Goodbye Privacy: Supermarkets Secretly Implementing Digital ID Software that Stores Your Biometrics
Major Supermarket chains, including Sainsbury's, Tesco, Morrisons and even the Co-op are installing systems that capture and store your biometric data, including facial scans and gate analysis. The systems are being trialled in a number of stores across the country with most shoppers unaware they are being targeted.
The trials were organized at various points during 2022 in a number of cities in England, including Leeds, Manchester, Liverpool, and Nottingham, where Trent University teamed up with local bars to monitor students buying alcoholic beverages. None of those involved were asked for their consent, and no assurances were given that their data would be deleted after the trial had finished.

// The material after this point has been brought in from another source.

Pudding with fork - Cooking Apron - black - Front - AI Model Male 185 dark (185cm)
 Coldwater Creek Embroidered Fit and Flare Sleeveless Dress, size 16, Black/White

The public only got a chance to learn more about the whole thing late last year when the Department for Digital, Culture, Media and Sport (DCMS) released the results of the Home Office sandbox trials that involved two methods – digital ID apps, and self-scan checkouts.
The findings of the trial cover results from digital ID app 1account, supermarket chain Asda – which used facial scan tech self-service checkouts, as did Co-op, and Innovative Technology (with its ICU age verification method), as well as Fujitsu, which developed an app, the same as MBJ Technology.
Morrisons, another supermarket chain, participated by trialing facial scan technology developed by Yoti, and Tesco and Spinningfields and Oxford Road stores turned to the same “digital identity company” and its “AI” algorithm in order to participate in the trials. Whilst finger vein biometrics were at play when FinGo deployed its tech at Manchester’s Hatch, which brings together retailers, breweries, restaurants, etc.
According to reports the outcome of the trials were 'inconclusive'. But looking a little deeper the inconclusive results were merely technical difficulties with things like lighting conditions, wi-fi signal or phone battery strength being cited as the cause. Nowhere in the trial is there any mention of the moral, legal or ethical issues involved, these are a given.
"you will have no privacy, own nothing, and you will be happy"
The digital ID company Yoti, who are carrying out many of the trails on behalf of the UK government, posted on its site that the supermarkets were supportive of the idea of using biometrics as a way to verify shoppers’ age – as well as for legislation that would lead to its adoption. Yoti is optimistic all round, but then it would be, they are likely to make billions from the tech rollout.
According to Yoti
"the retail chains liked it, the customers liked it, and would be glad to have their faces scanned and biometric data given up again at supermarket checkouts."